> _WORK TO BE COMPLETED_
Please copy the lines below, exactly as they are, from the one with "Fashion Trends Jewelry" through the one with "분수 빵집 대표 화면", and leave out the pictures.

> _Stored items from a collection_
▼▼▼

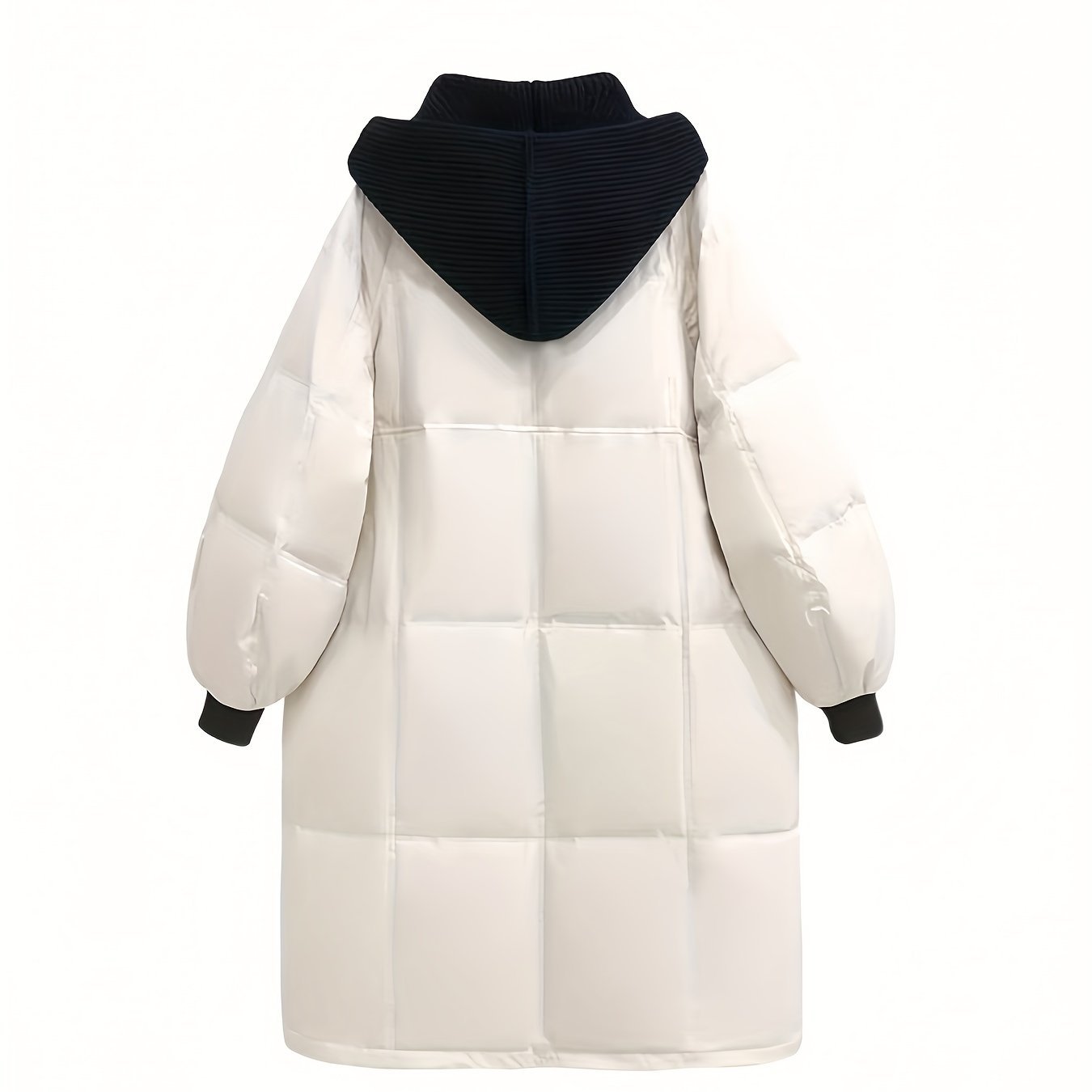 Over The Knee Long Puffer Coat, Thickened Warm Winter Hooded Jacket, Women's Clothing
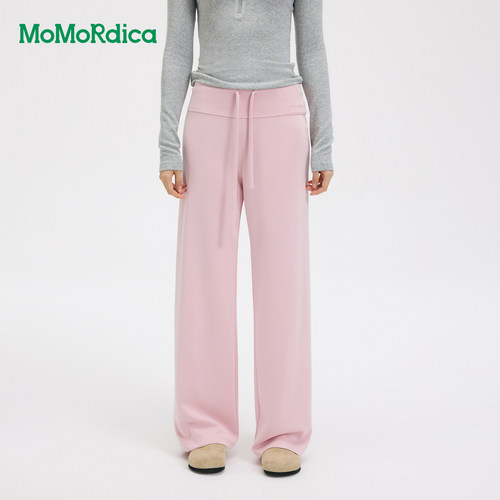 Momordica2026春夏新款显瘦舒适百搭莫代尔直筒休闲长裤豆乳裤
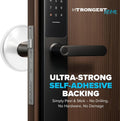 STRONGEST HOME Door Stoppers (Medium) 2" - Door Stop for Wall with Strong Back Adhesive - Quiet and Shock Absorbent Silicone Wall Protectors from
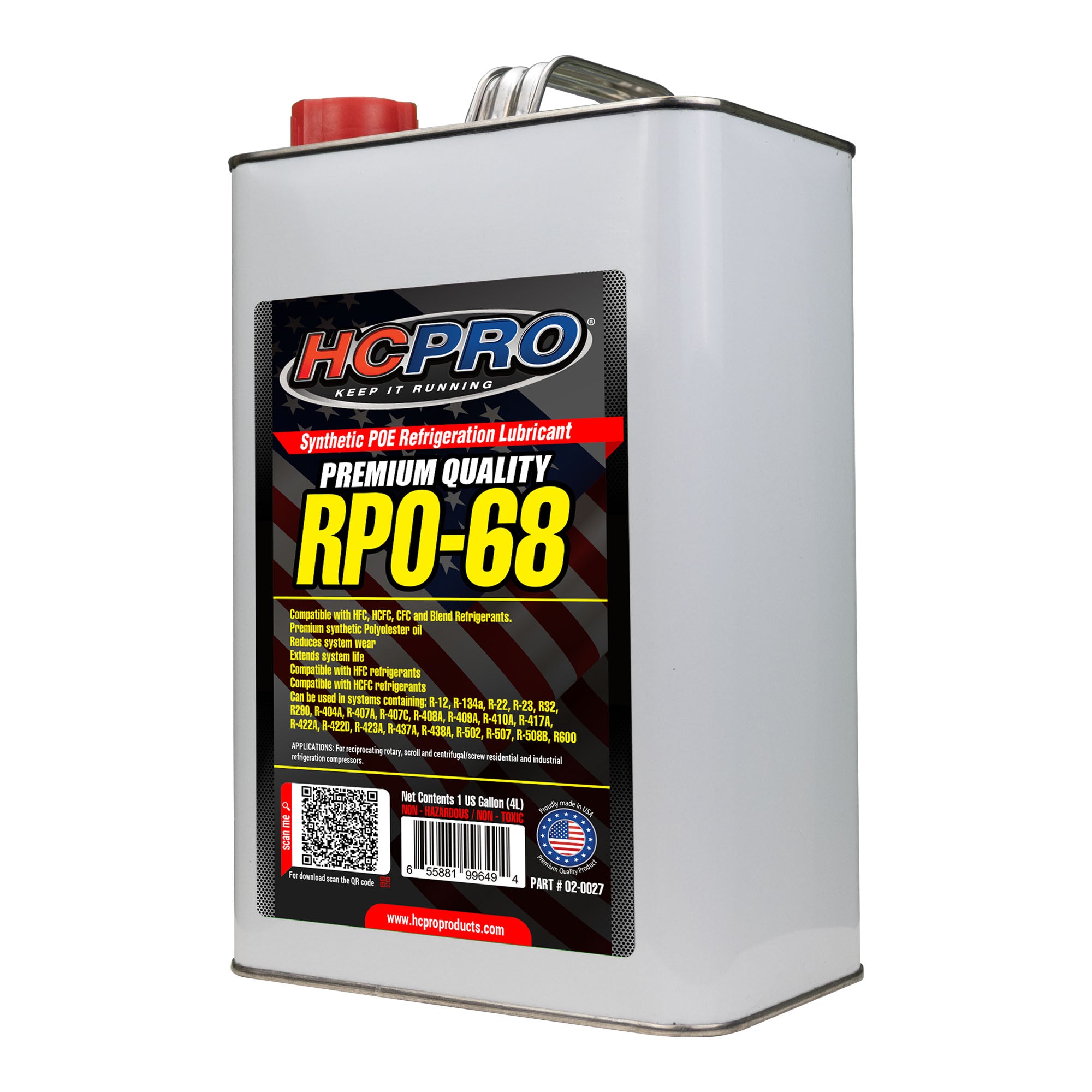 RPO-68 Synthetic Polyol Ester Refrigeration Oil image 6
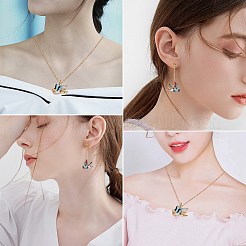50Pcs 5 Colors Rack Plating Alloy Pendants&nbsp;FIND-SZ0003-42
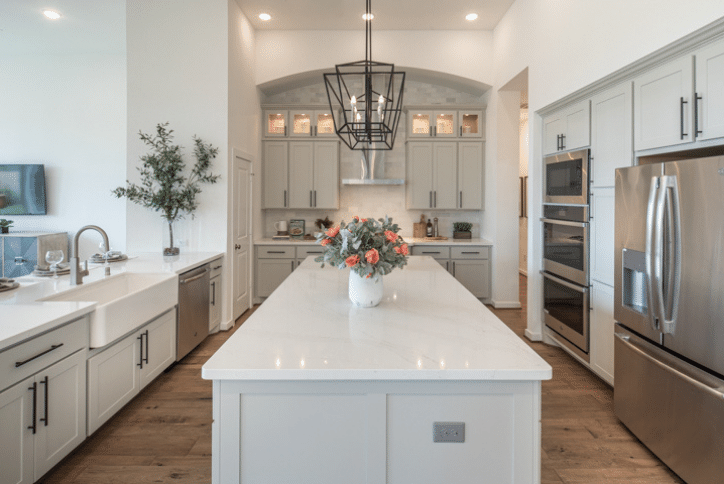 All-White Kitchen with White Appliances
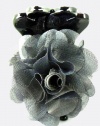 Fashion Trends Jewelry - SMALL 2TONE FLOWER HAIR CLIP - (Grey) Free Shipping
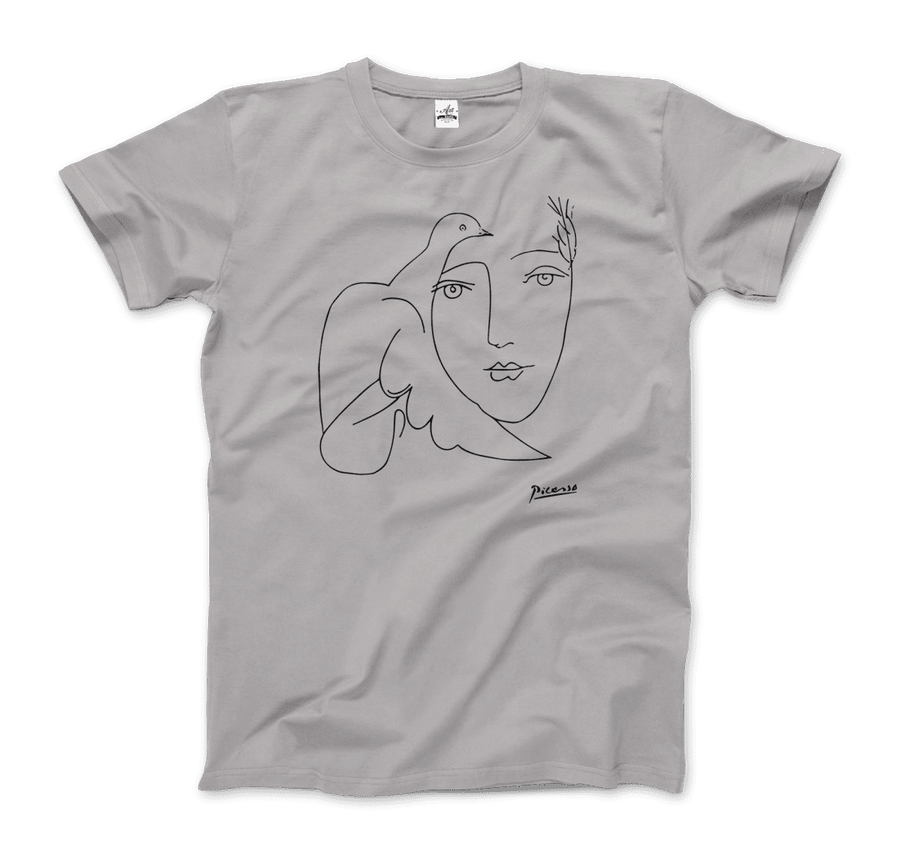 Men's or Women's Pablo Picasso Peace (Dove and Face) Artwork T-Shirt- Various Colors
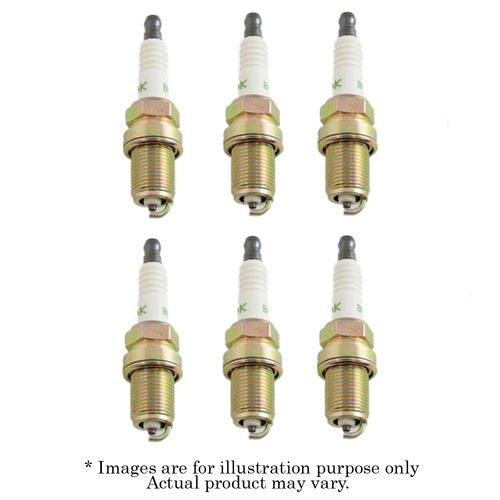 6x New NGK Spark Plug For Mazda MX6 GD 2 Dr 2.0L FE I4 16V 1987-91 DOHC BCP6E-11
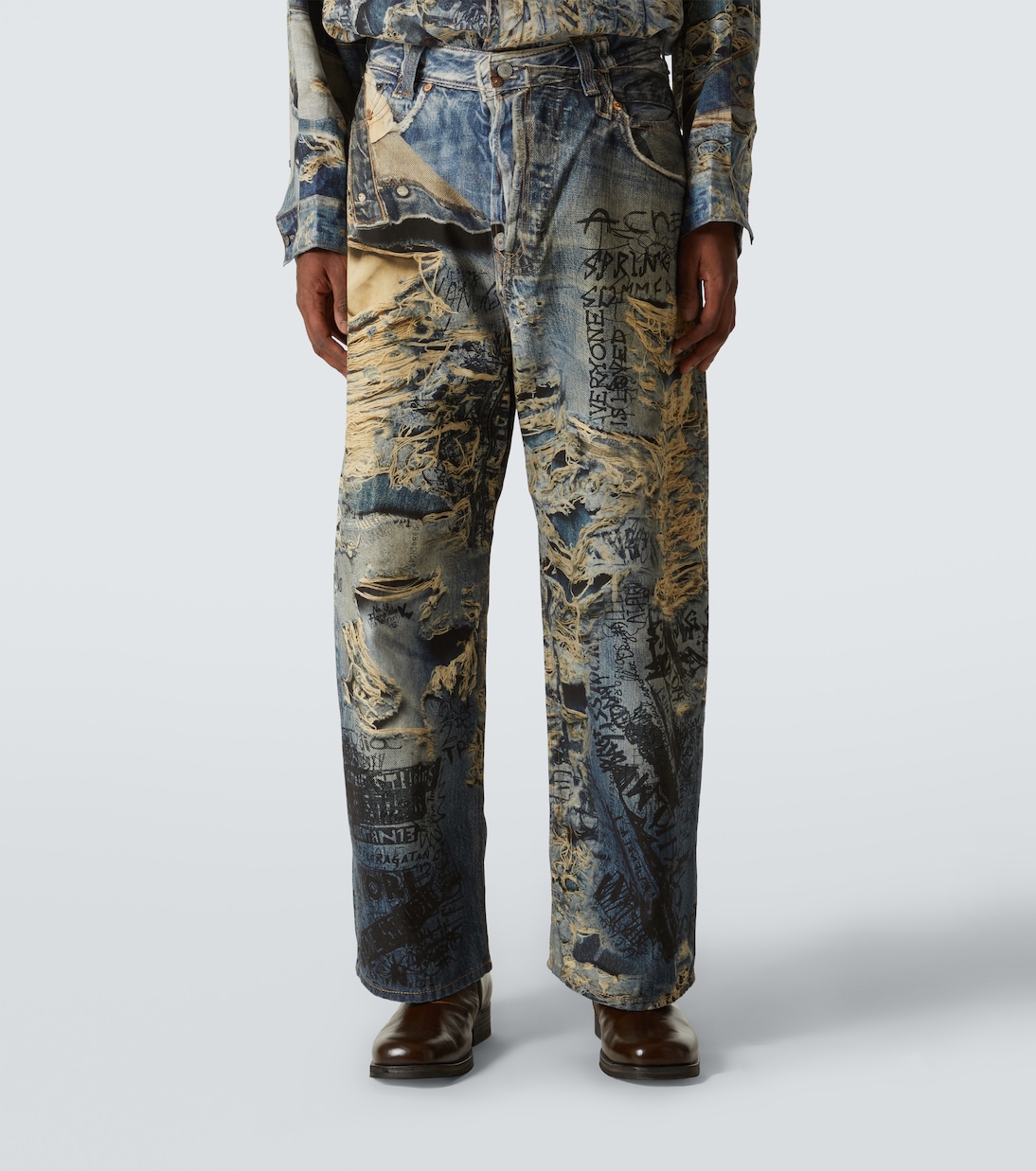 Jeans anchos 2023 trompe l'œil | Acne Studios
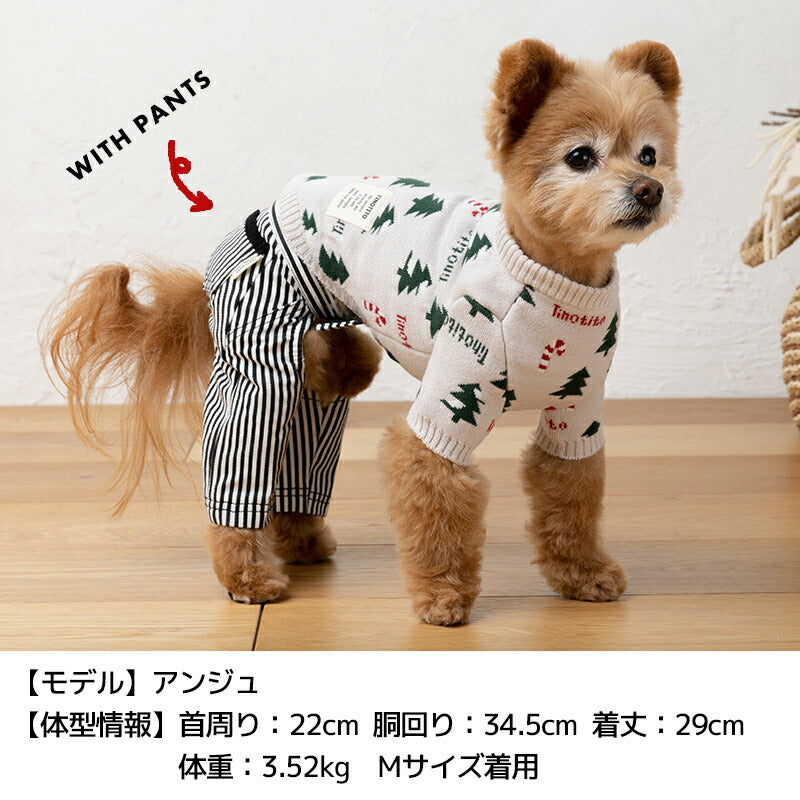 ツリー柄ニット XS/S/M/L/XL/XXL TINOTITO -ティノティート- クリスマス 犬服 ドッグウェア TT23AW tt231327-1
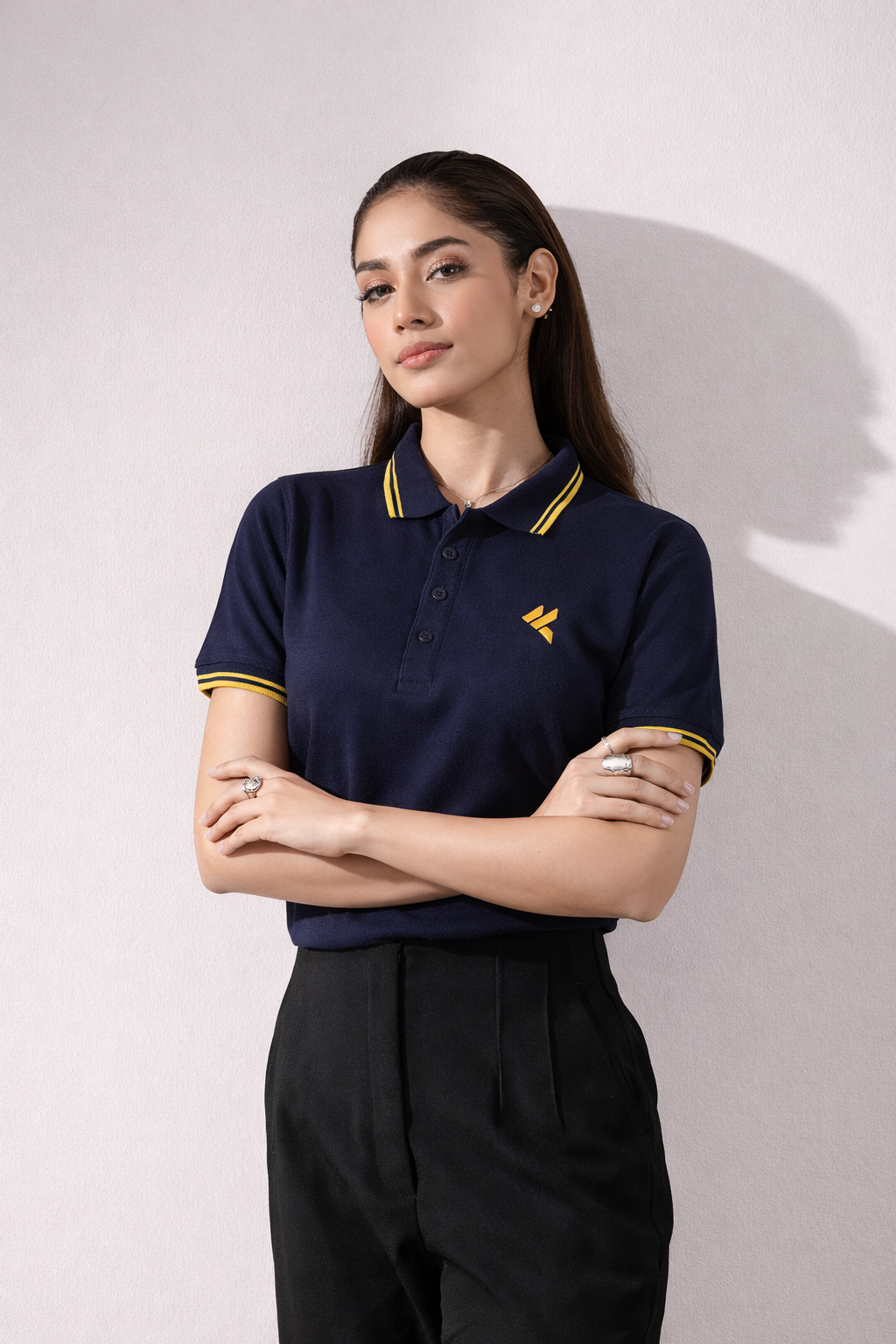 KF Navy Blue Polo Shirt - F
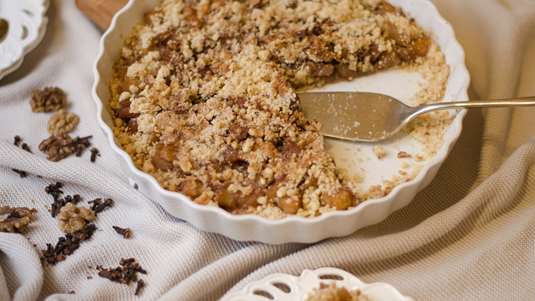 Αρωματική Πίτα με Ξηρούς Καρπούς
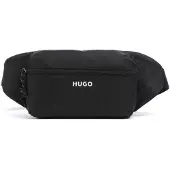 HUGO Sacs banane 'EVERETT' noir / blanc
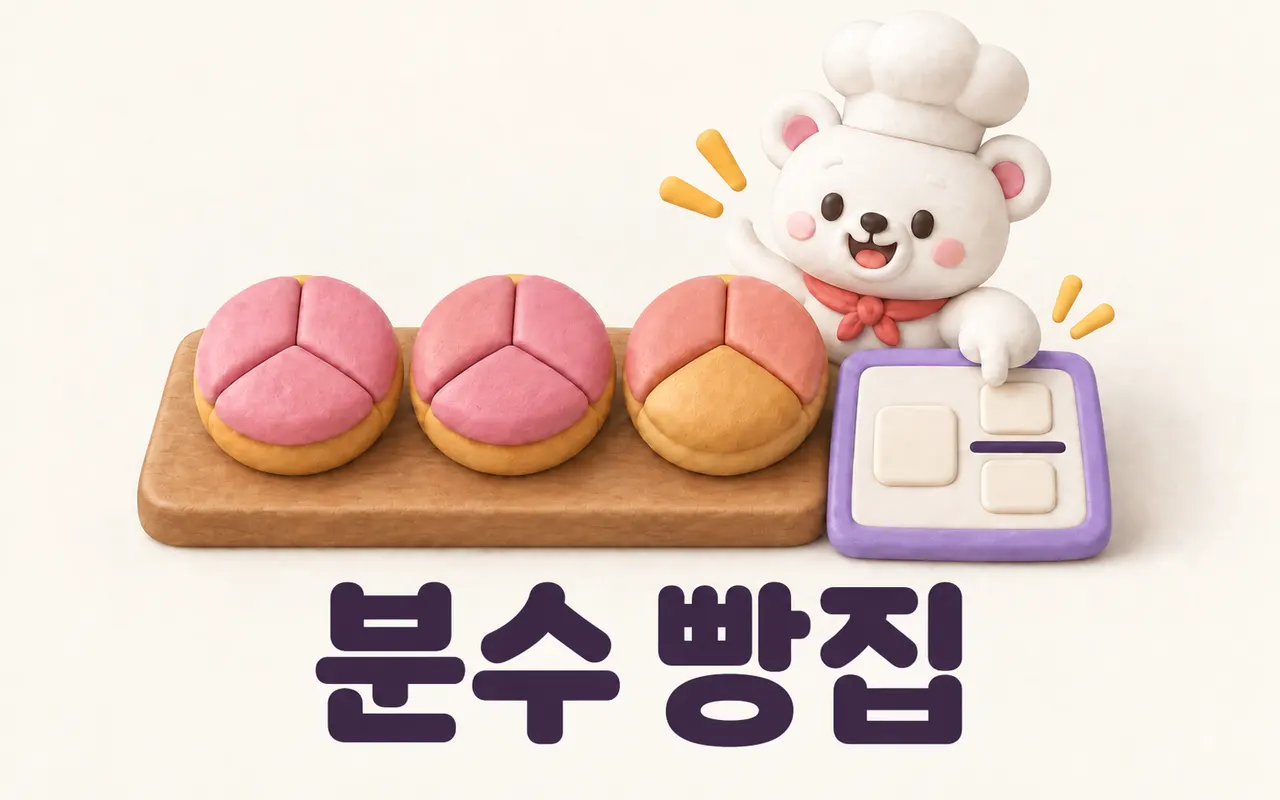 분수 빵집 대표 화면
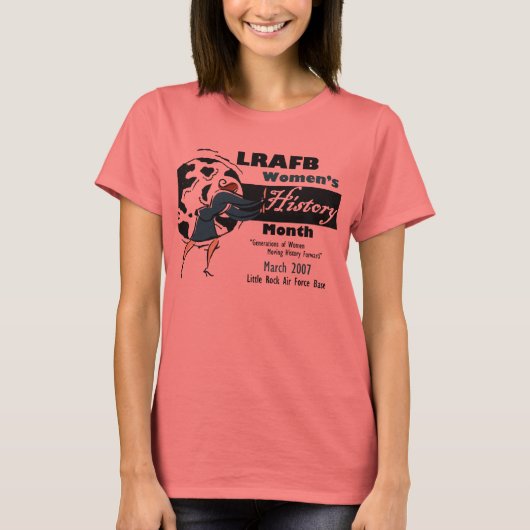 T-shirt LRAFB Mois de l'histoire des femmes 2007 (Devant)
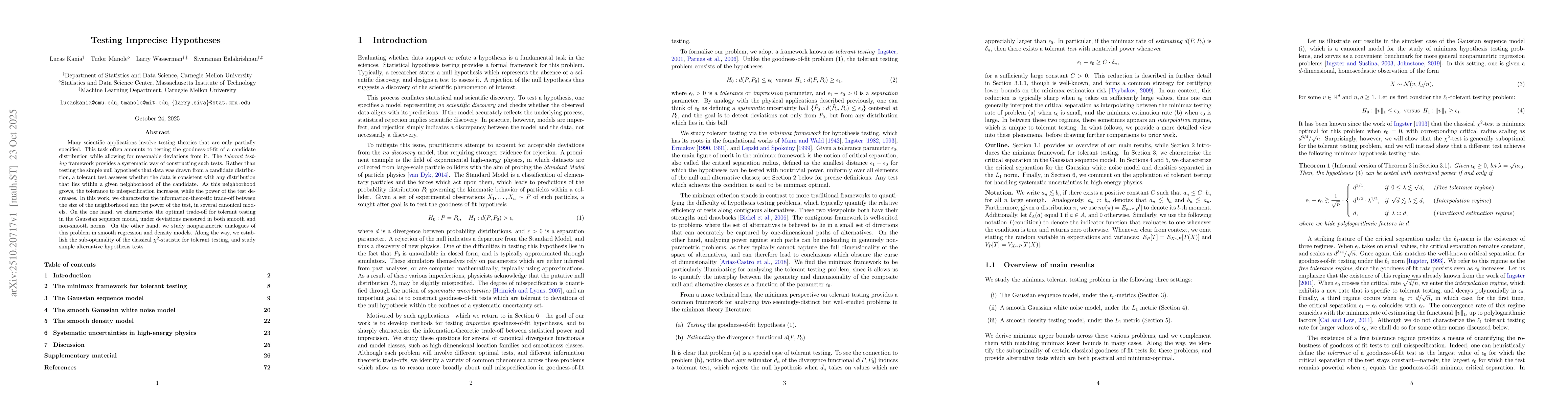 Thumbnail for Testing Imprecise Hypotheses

▲▲▲

> _ANSWER FOR THIS EXERCISE_
 Fashion Trends Jewelry - SMALL 2TONE FLOWER HAIR CLIP - (Grey) Free Shipping
 Men's or Women's Pablo Picasso Peace (Dove and Face) Artwork T-Shirt- Various Colors
 6x New NGK Spark Plug For Mazda MX6 GD 2 Dr 2.0L FE I4 16V 1987-91 DOHC BCP6E-11
 Jeans anchos 2023 trompe l'œil | Acne Studios
 ツリー柄ニット XS/S/M/L/XL/XXL TINOTITO -ティノティート- クリスマス 犬服 ドッグウェア TT23AW tt231327-1
 KF Navy Blue Polo Shirt - F
 Αρωματική Πίτα με Ξηρούς Καρπούς
 HUGO Sacs banane 'EVERETT' noir / blanc
 분수 빵집 대표 화면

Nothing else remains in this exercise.